Aviation has always been a difficult business with very few players having built a profitable enterprise. Within that, long-haul has been even more complex. So, when an airline such as IndiGo, which has been stupendously successful in the domestic market, says it wants to go long-haul, one can’t help but have mixed feelings. If you have executed a business model to perfection, why stake your core by venturing into something where the success rate is very bleak. That is what history tells us — no successful domestic airline in the world has really made a dent internationally. But then, that is also the spirit of enterprise itself — nothing new will ever be created if you side with history, fearing failure.
Surely, the promoters of IndiGo understand the Herculean challenge long-haul poses. None of the ingredients that made them successful in the domestic market will really work when it comes to long-haul. The tight leash on costs aside, the formula for success in long-haul is entirely different. Knowing this, the first step IndiGo has taken is to bring in a new management team with co-promoter Rakesh Gangwal calling the shots.

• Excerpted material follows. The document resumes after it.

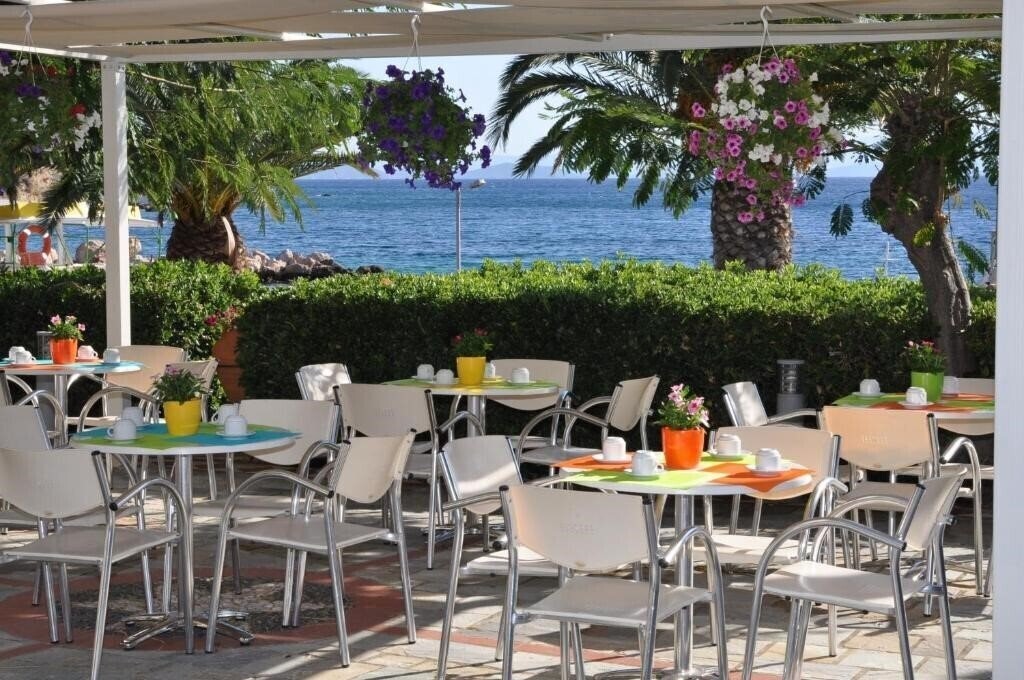 Готель Kyveli Apartments 4*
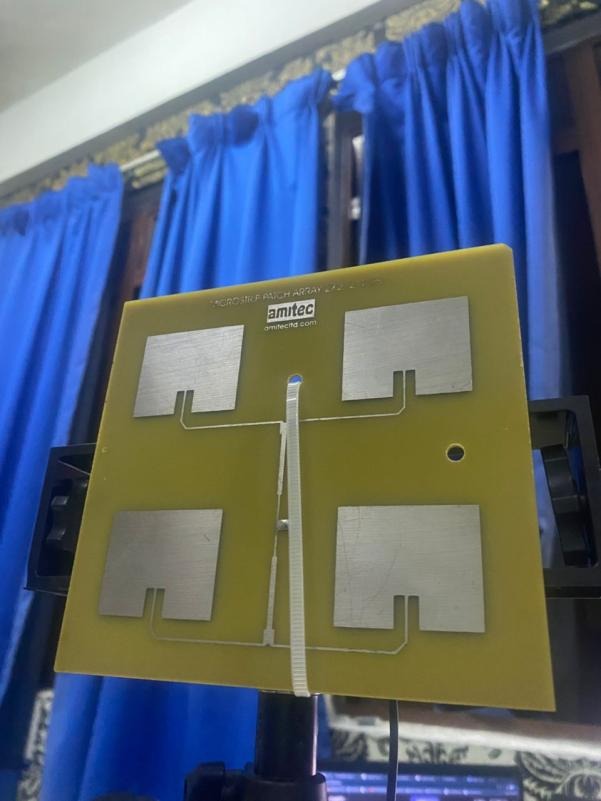 Microstrip patch antenna used for 2.4GHz Wi-Fi signal reception.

Thus far, co-promoter Rahul Bhatia has steered the company to dizzying success — with him liaising with the government and his team executing relentlessly on the ground. In this issue’s cover story, deputy editor Krishna Gopalan gives a detailed account of how IndiGo attained cruising altitude and what could determine its success from hereon.

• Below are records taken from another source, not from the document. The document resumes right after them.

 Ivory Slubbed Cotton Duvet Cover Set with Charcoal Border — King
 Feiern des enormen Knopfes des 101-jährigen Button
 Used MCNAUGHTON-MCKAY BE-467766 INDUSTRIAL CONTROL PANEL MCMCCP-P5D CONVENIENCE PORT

In other stories, we have an enterprise feature on Bizongo, a start-up that is disrupting the packaging business big-time. Started by three IIT graduates, it has created a platform that brings together manufacturers and buyers of standardised and customised packaging. Keeping up a furious pace of growth, it is among the best-funded B2B start-ups today.

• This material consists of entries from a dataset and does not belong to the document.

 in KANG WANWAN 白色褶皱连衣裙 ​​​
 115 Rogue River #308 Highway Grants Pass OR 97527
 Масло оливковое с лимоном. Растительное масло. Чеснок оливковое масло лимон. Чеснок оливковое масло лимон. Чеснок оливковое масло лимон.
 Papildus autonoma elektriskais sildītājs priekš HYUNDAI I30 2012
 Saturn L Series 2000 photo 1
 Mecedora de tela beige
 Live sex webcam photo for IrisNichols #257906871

We also have a market feature on mid-caps that seem like attractive buys. As a segment, small and mid-caps have got really beaten up over the past few months for a variety of reasons, ranging from re-allocation by mutual funds to emerging threats to growth. We have shortlisted stocks whose prices have fallen substantially while their financial performance has remained intact, making the correction a good entry point for investors.